Open your .bashrc file (e.g. /home/yourusername/.bashrc) and add the following:
alias get="/path/to/your/bash/file"
Now open a terminal and type get, and it'll launch the script. No clicking needed, it'll run anytime from any terminal!
And if you do use the alias then you can use another refinement, you can drop the echo: instead of $a, you can use $1 and remove the echo & read as you no longer need them:
#! /usr/bin/bash yt-dlp -x $1
Now for example you can type in a terminal:
get http://url.to.video/
And yt-dlp will do it's stuff. $1 passes the first parameter after starting the script as a variable to it.
You can use the keyboard shortcut Control+shift+v to paste a URL into the terminal, no mouse needed; just remember to add a space after typing get
The op script is meant to be opened in the GUI in a terminal then the URL gets pasted in there. It took me a second to see it.
What does your ~/.bashrc look like? My last change was modifying a playlist command
spoiler: I explain my last change to my ~/.bashrc file
playlist https://www.youtube.com/@YouTube/videos
or
playlist /home/username/Videos
or just from any directory with files
playlist
And then takes all the videos found at the url or at the path (including within folders), adds them to a playlist, shuffles them, and plays them from mpv.


playlist() {
param=""
# If the first parameter has a length more than 1 character
if [ ${#1} -gt 1 ]; then
param="${@}"
else
param="."
fi
screen mpv $param --shuffle --ytdl-raw-options-add=cookies-from-browser=firefox --loop-playlist=inf --no-keepaspect-window --no-auto-window-resize
}
other functions and aliases in my ~/.bashrc
alias code=codium
alias files=nautilus
alias explorer=nautilus
alias rust="/path/to/.cargo/bin/evcxr"
alias sniffnet="export ICED_BACKEND=tiny-skia; /path/to/.cargo/bin/sniffnet"
alias http-server='/path/to/.cargo/bin/miniserve'
alias iphone='uxplay'
alias airplay='uxplay'
alias watch='screen mpv --ytdl-raw-options-add=remote-components=ejs:github --ytdl-raw-options-add=cookies-from-browser=firefox --no-keepaspect-window '
alias twitch='watch'
alias timeshift-launcher="pkexec env WAYLAND_DISPLAY='$WAYLAND_DISPLAY' XDG_RUNTIME_DIR='$XDG_RUNTIME_DIR' /usr/bin/timeshift-launcher"

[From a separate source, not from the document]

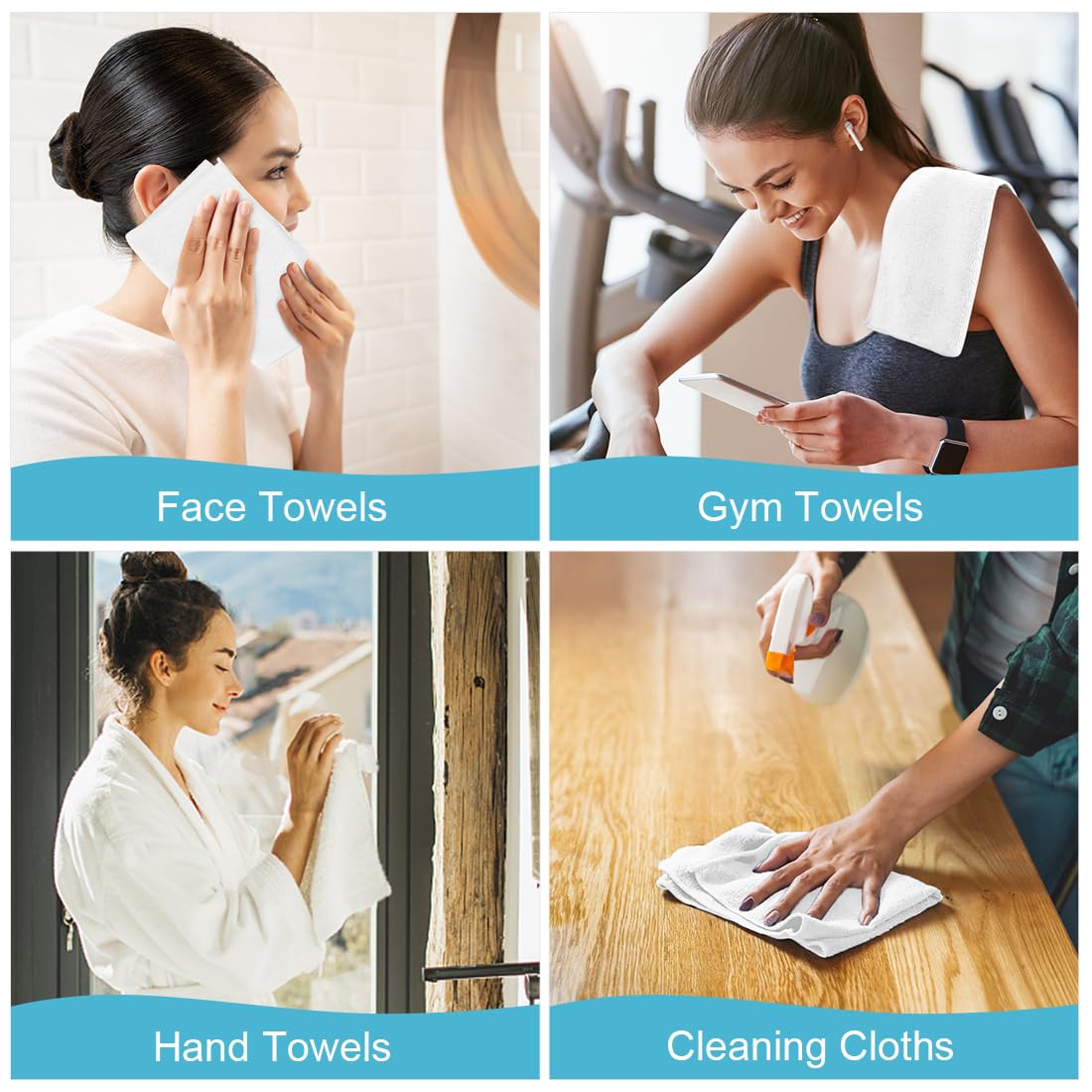 Washcloths 5 Pack Microfiber Face Towels (5 Count)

alias update="sudo apt update && sudo apt upgrade -y && sudo flatpak update -y && sudo snap refresh"
alias resize="path/to/resize/videos/resize.sh"
playlist() {
param=""
# If the first parameter has a length more than 1 character
if [ ${#1} -gt 1 ]; then
param="${@}"
else
param="."
fi
screen mpv $param --shuffle --ytdl-raw-options-add=cookies-from-browser=firefox --loop-playlist=inf --no-keepaspect-window --no-auto-window-resize
}
gif() { ffmpeg -i $1 -f yuv4mpegpipe - | gifski -o $2 ${@:3} -;}
I wonder if we have the same resize.sh
The version I have was copied from stackoverflow. It doesn't work very well, it makes a rough estimate to get the video file size under the set value. As an example
resize video.mp4 10
Which then resizes the video to 10 megabytes if possible.
resize.sh code
file=$1
target_size_mb=$2 # target size in MB
target_size=$(( $target_size_mb * 1000 * 1000 * 8 )) # target size in bits
length=`ffprobe -v error -show_entries format=duration -of default=noprint_wrappers=1:nokey=1 "$file"`
length_round_up=$(( ${length%.*} + 1 ))
total_bitrate=$(( $target_size / $length_round_up ))

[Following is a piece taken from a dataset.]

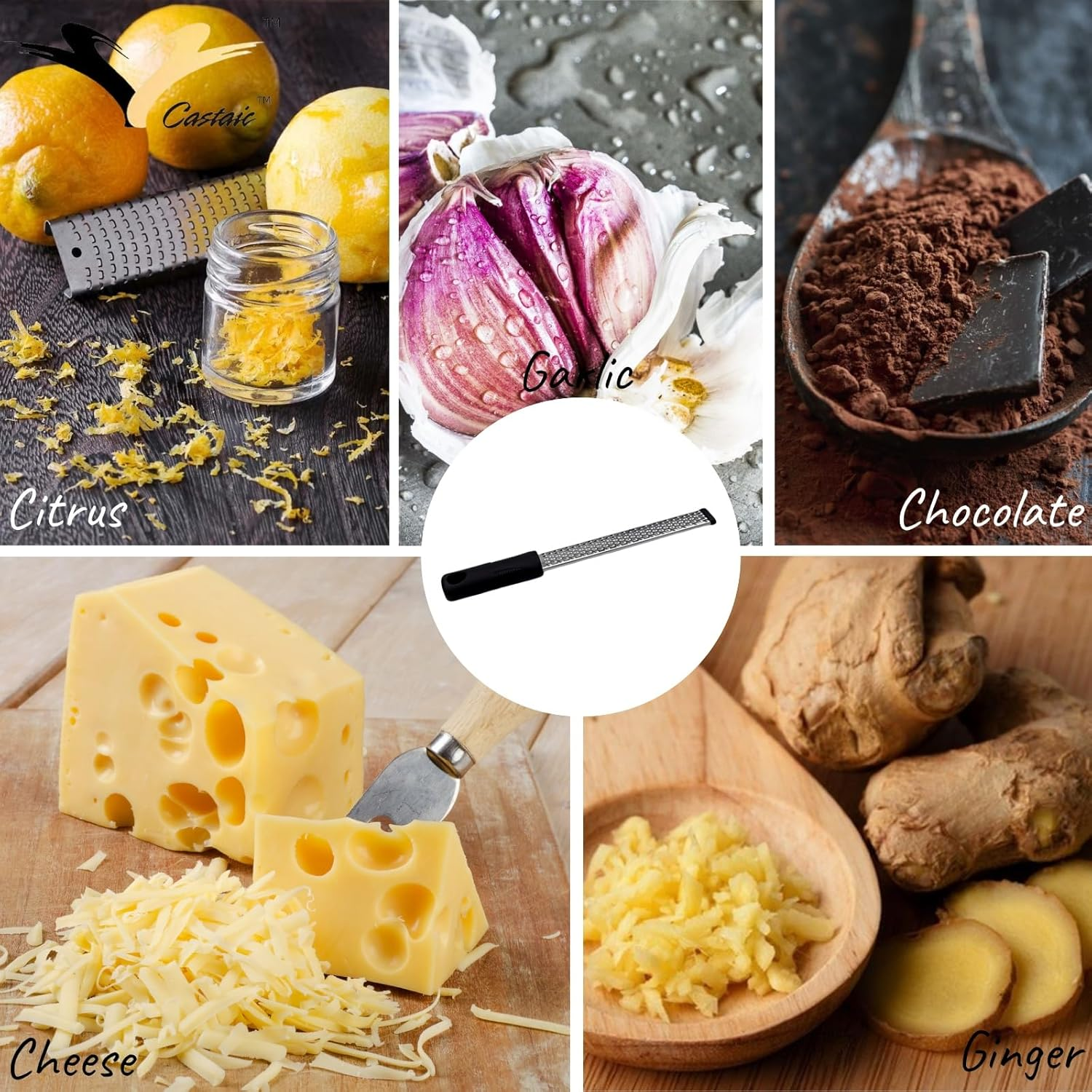 Castaic Multipurpose, Professional Stainless Steel Zester, Lemon Zester & Cheese Grater,Premium Citrus Zester,Kitchen Grater for Parmesan, Chocolate, Fruits, Vegetables, Ginger (Black) image number 3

audio_bitrate=$(( 128 * 1000 )) # 128k bit rate
video_bitrate=$(( $total_bitrate - $audio_bitrate ))
ffmpeg -i "$file" -b:v $video_bitrate -maxrate:v $video_bitrate -bufsize:v $(( $target_size / 20 )) -b:a $audio_bitrate "${file}-${target_size_mb}mb.mp4"
I'll probably replace it eventually.
Definitely not the same lol
Mine uses ffmpeg to change the resolution, it doesn't so much care about file sizes.
It could be a one-liner if you only ever feed it a single file to manipulate..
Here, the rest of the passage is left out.